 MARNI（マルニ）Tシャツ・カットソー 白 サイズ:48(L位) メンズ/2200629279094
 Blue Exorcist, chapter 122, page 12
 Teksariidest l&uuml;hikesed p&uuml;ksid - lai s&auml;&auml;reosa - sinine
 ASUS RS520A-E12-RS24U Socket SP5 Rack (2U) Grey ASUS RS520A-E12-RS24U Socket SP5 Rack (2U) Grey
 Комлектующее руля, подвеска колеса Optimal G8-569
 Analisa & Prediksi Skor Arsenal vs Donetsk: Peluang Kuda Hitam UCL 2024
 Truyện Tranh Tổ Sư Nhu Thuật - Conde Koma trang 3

- - - - -

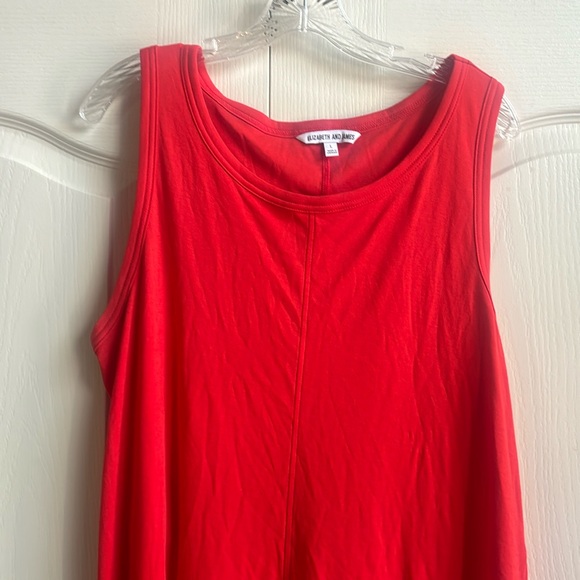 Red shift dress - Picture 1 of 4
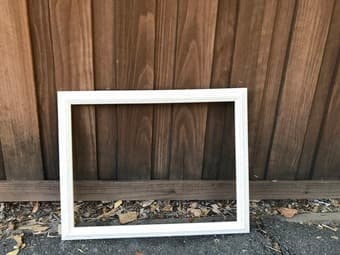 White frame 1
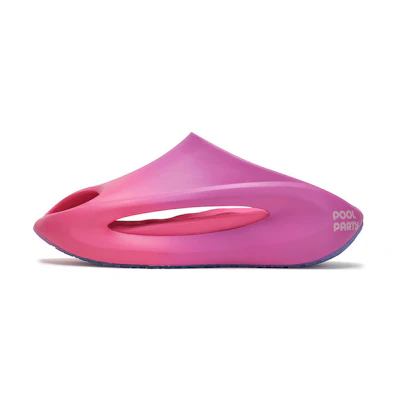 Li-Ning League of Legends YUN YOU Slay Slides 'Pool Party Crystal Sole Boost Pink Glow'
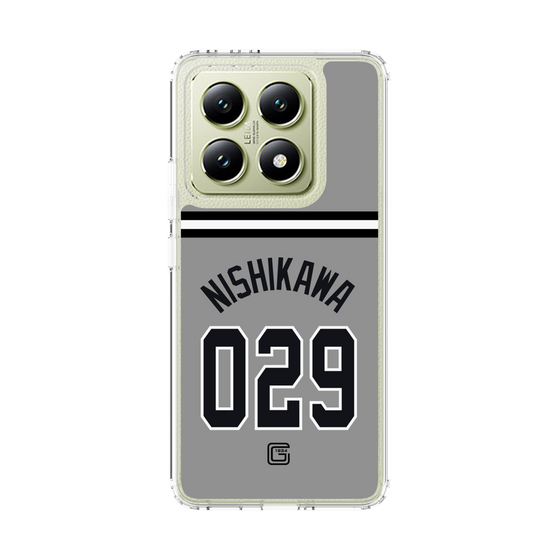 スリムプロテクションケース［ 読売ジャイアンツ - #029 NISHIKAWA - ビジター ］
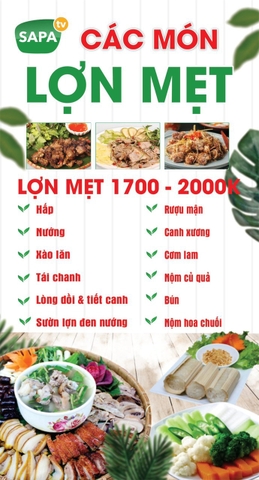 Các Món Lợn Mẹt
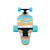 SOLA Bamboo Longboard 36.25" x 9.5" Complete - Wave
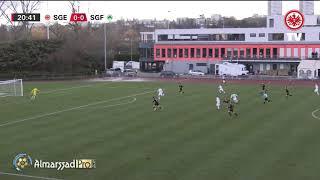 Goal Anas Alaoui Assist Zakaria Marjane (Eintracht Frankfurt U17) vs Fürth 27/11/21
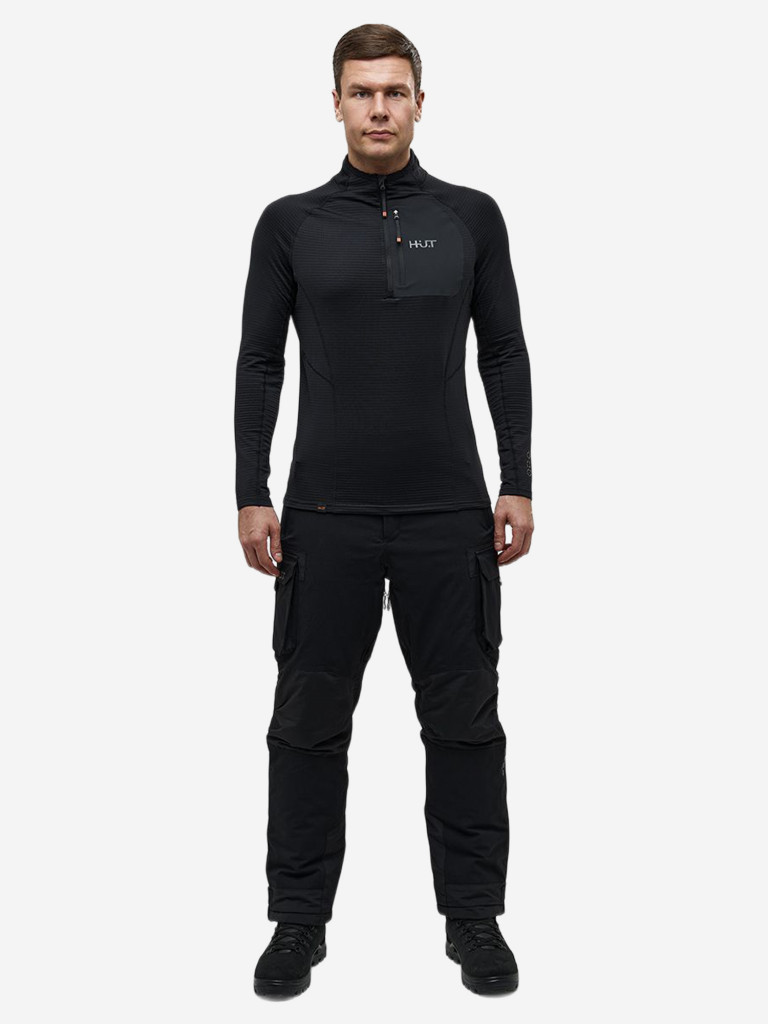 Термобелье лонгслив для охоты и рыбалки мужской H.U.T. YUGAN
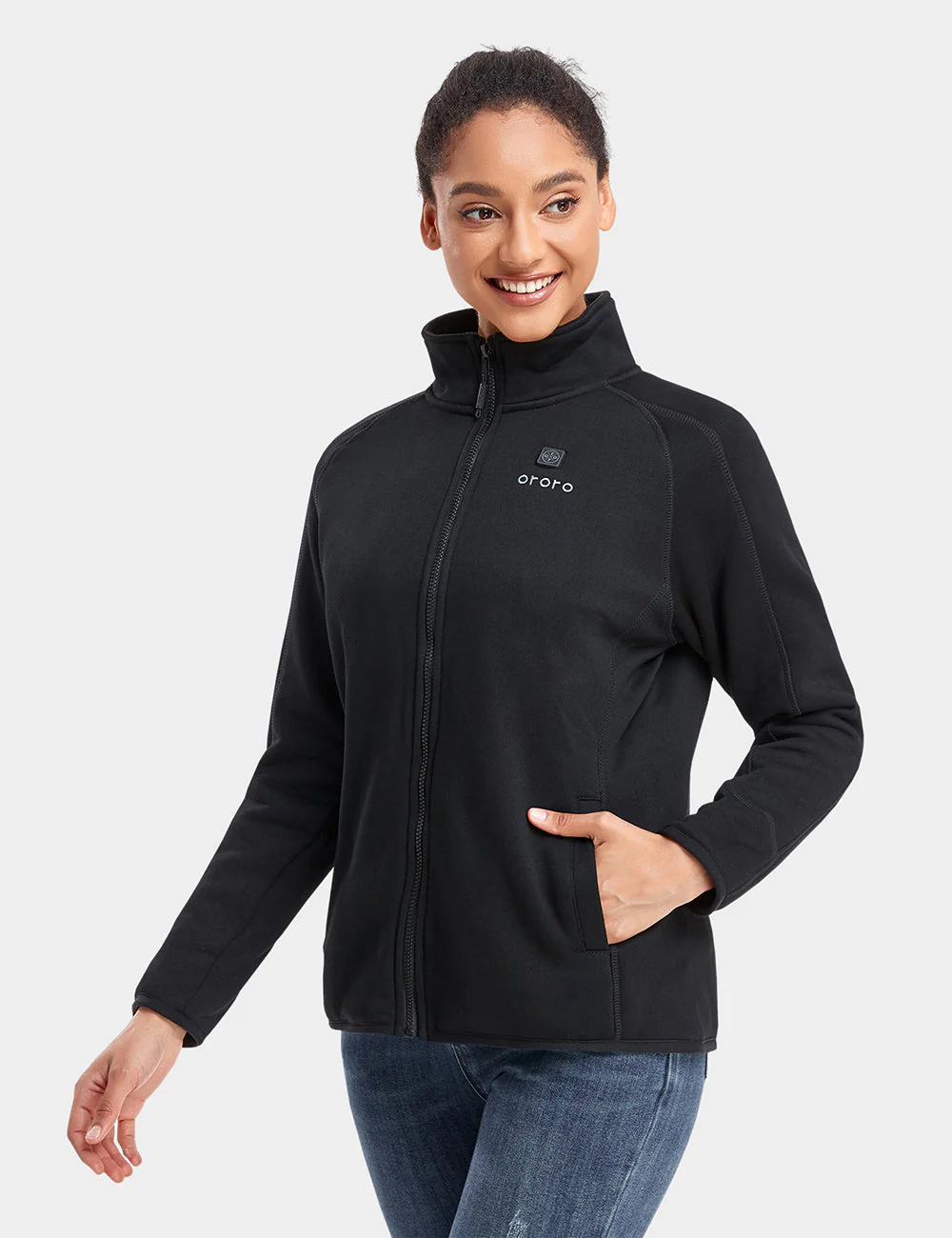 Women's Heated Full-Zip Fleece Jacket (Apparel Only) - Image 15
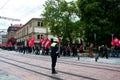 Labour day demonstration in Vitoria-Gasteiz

- - - - -

Print an exact copy of the lines above, from the one containing "White frame 1" through the one containing "Labour day demonstration in Vitoria-Gasteiz", and leave out the pictures.

 White frame 1
 Li-Ning League of Legends YUN YOU Slay Slides 'Pool Party Crystal Sole Boost Pink Glow'
 スリムプロテクションケース［ 読売ジャイアンツ - #029 NISHIKAWA - ビジター ］
 Các Món Lợn Mẹt
 SOLA Bamboo Longboard 36.25" x 9.5" Complete - Wave
 Goal Anas Alaoui Assist Zakaria Marjane (Eintracht Frankfurt U17) vs Fürth 27/11/21
 Термобелье лонгслив для охоты и рыбалки мужской H.U.T. YUGAN
 Women's Heated Full-Zip Fleece Jacket (Apparel Only) - Image 15
 Labour day demonstration in Vitoria-Gasteiz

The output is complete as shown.